After much of the first season was taken from the Alias comic book, Rosenberg wanted to continue that trend with the second season, but she acknowledged that "the MCU is very different from the comics in terms of its mythology. In the books there were things building towards "Civil War" and all that, and here that's not the case. The nature of that is we're probably not going to be able to continue to do parallel storylines [to Alias]". On having Jones continue to struggle with the same issues in the second season, Loeb said, "The end of the [first season]—and it was one of the things that was very important when we talked about the end of the first [season]—was that it wasn't, 'Ooh, I triumphed and now I can get in my hovercar and join the Avengers.' That wasn't the story we were interested in telling." Rosenberg elaborated by comparing the Jessica Jones to her previous series Dexter, saying that she learned "you can advance the character, but you never want to cure the character. With Dexter, the moment he felt guilt or accepted that he was 'bad,' the show's over. He's no longer a sociopath. The equivalent for us would be if Jessica somehow recovered from the damage that had been done to her. People don't just heal". She added that Jones' killing of Kilgrave at the end of the first season was "a life changing experience" and something that would affect the character going forward. Rosenberg also stated that the season would be "about digging deeper into this chaos and peeling back those layers [of Jones' life], just going to the core of her being" after the first season focused on Jones' trauma and facing her abuser.

Casting
After the season was ordered, several main cast members revealed that they would return for the second season, including Ritter as Jessica Jones, Rachael Taylor as Patricia "Trish" Walker, and Carrie-Anne Moss as Jeri Hogarth. Eka Darville also reprises his role as Malcolm Ducasse. In March 2017, J. R. Ramirez was cast as Oscar Arocho, which was revealed in July after the airing of his character's death on Power. In April 2017, Janet McTeer was cast in an undisclosed role, described as someone who has "an enormous impact on Jessica's life." She was revealed to be playing Alisa Jones, Jessica's mother, who was briefly portrayed in flashbacks by Miriam Shor in the first season. By July, Leah Gibson had also joined the cast, in the role of Inez Green. Also joining in the season is Terry Chen as Pryce Cheng.

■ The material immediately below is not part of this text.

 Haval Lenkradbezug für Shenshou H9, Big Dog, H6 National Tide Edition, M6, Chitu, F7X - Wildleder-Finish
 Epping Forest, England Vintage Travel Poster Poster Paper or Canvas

In August 2017, David Tennant was confirmed to be reprising his role as Kilgrave, appearing as a hallucination, with Wil Traval also returning as Will Simpson. Recurring characters in the season include Rebecca De Mornay reprises her role as Dorothy Walker, Kevin Chacon as Vido Arocho and Callum Keith Rennie as Karl Malus. Elden Henson and Rob Morgan reprise their roles as Foggy Nelson and Turk Barrett from previous Marvel Netflix series, respectively.

Filming
Filming began the week of April 3, 2017 in New York City, once again using the working title Violet. This followed the end of production on The Defenders in March, with Ritter having indicated in May 2016 that the season would film back-to-back with The Defenders. Filming occurred at the Long Island Aquarium and Exhibition Center. Filming for the season wrapped on September 14, 2017.

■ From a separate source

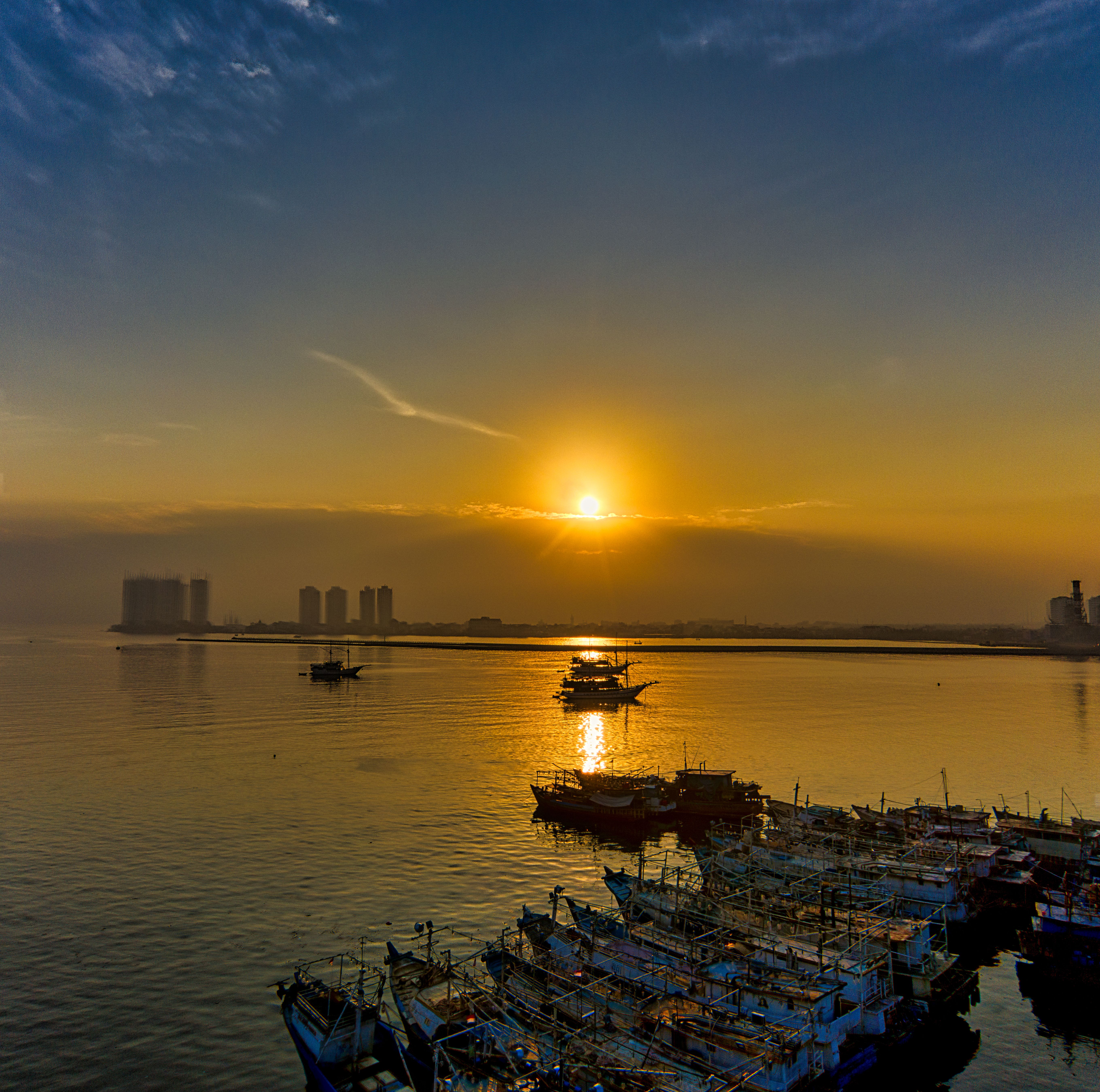 Boats On Sea During Golden Hour · Free Stock Photo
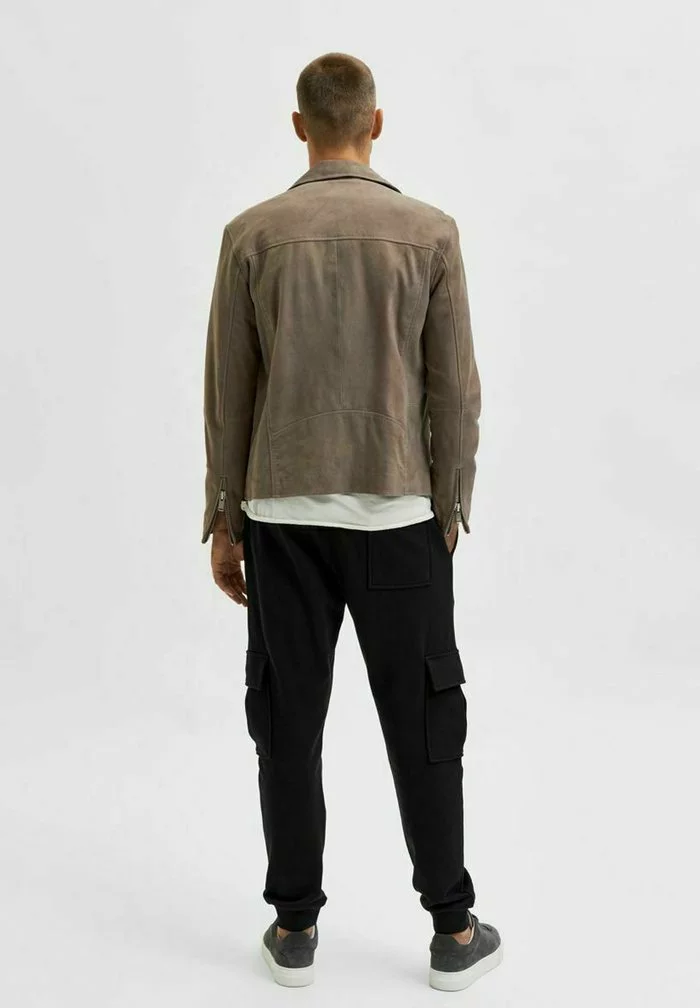 Selected Homme ICONIC - Veste En Cuir - Morel 3 Selected Homme ICONIC - Veste En Cuir - Morel – Image 3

Approaching the second season, Rosenberg wanted to increase the number of female directors working on the series as a further push for representation. This was a goal that "Marvel was completely on board with", and, given the demand of many talented female directors at the time, the series' producers looked to book only female directors first and approach male directors later in the pre-production phase if needed. Another member of the production suggested that the series book only female directors for the season, which Rosenberg "hadn't contemplated [as a] concept prior to that conversation". She quickly made that the goal of the production and, in October 2016, Rosenberg confirmed that all 13 episodes of the season would be directed by women. Oscar's paintings in the season were created by comic book artist David Mack, who has drawn covers for Jessica Jones comics.

Music
A soundtrack album for the season was released by Hollywood Records and Marvel Music digitally on March 16, 2018, featuring selections of the original score for the season composed by Sean Callery, as well as the original song "I Want Your Cray Cray".

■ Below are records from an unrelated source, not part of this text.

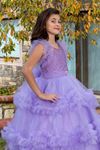 Vestido Yankee 2-6 Anos Menina 20076 Lilás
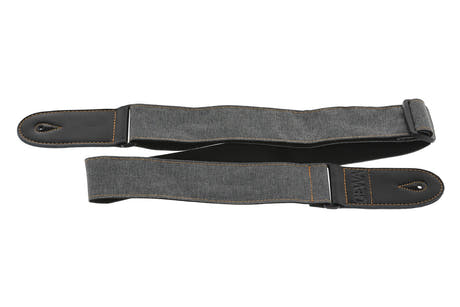 Correa de guitarra GEWA New Colours, steel grey, textil, 60 mm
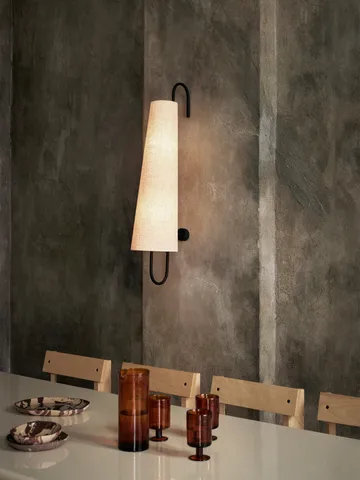 Ancora vägglampa - Black-Natural - Ferm Living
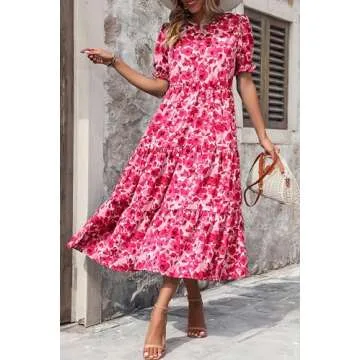 PRETTYGARDEN Women's Summer Casual Boho Dress Online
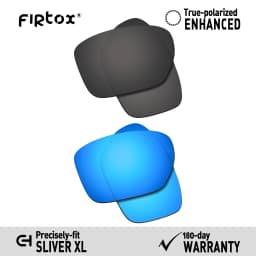Firtox True UV400 Polarized Lenses Replacement for Oakley Sliver XL OO9341 / Sliver XL Asian Fit OO9346 Sunglasses (Lens Only)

All music composed by Sean Callery.

Marvel Cinematic Universe tie-ins
The season makes several references to the events of Captain America: Civil War, including Vido Arocho's toy Captain America's shield being broken, as well as mention of the Raft prison. The season also mentions the Rand Corporation from Iron Fist.

Marketing
In December 2017, a teaser trailer for the season was released, along with announcing the season release date. A trailer was released on February 7, 2018. Ahead of the season releasing, Netflix revealed the episode titles and creative teams with pulp comic covers for each episode created by women artists. The artists included, in respective order for each episode: Stephanie Hans, Jen Bartel, Elizabeth Torque, Kate Niemczyk, Colleen Doran, Erica Henderson, Audrey Mox, Joyce Chin, Jenny Frison, Amy Reeder, Emanuela Lupacchino, June Brigman, and Annie Wu. The season held its red carpet premiere on March 7, 2018 at the AMC Loews Lincoln Square.

Release
The second season of Jessica Jones was released on March 8, 2018, to coincide with International Women's Day, on the streaming service Netflix worldwide, in Ultra HD 4K and high dynamic range. The season, along with the additional Jessica Jones seasons and the other Marvel Netflix series, was removed from Netflix on March 1, 2022, due to Netflix's license for the series ending and Disney regaining the rights. The season became available on Disney+ in the United States, Canada, United Kingdom, Ireland, Australia, and New Zealand on March 16, ahead of its debut in Disney+'s other markets by the end of 2022.

Critical response
On review aggregator Rotten Tomatoes, the season has an approval rating of 82% with an average rating of 7.00/10, based on 89 reviews. The website's critical consensus reads, "While Jessica Jones is a slower burn with less focus than its inaugural season, its enticing new character arc more fully details the most charismatic Defender." Metacritic, which uses a weighted average, assigned the season a score of 70 out of 100 based on 19 critics, indicating "generally favorable reviews".

In her review of the first five episodes of the season, Allison Keene of Collider gave the season 4 out of 5 stars. She felt "[t]he season really starts to kick into gear.. once we’re introduced to the central mystery: the truth behind IGH," with the season getting "better and better as it goes along." However, as with previous Marvel Netflix series, the season suffered from pacing issues, featuring "a minimal or non-existent score, scenes that go on for too long, and a limited number of edits that add up to everything feeling like it’s happening in real time. It’s not as bad as any other Marvel series on Netflix in this regard — not even close — but it’s still a problem, and one that has unbelievably still not been addressed in terms of episode count (or shorter runtimes within episodes)." Keene also felt the season missed a "driving force" by not having David Tennant back as Kilgrave, but she was glad the season largely ignored the events of The Defenders to focus on Jones and her relationships. Awarding the season a "B", Liz Shannon Miller from IndieWire said the season's all-female directors kept "the show’s noir bent in place though doesn’t push too hard into the realm of art — but the clean approach works, as does Ritter’s always grounded and believable performance." She also enjoyed the Hogarth medical storyline, saying it was "one of the most compelling new storylines", despite it not connecting to the overall larger narrative through the first five episodes. For Miller, Janet McTeer was "the most dynamic element of these early episodes. While she has potential as a foil, there’s not enough of her to keep us hooked, not to mention the lack of the emotional hook that we had with Kilgrave in season 1." Miller also felt the plot lacked direction, and agreed with Keene about the pacing issues.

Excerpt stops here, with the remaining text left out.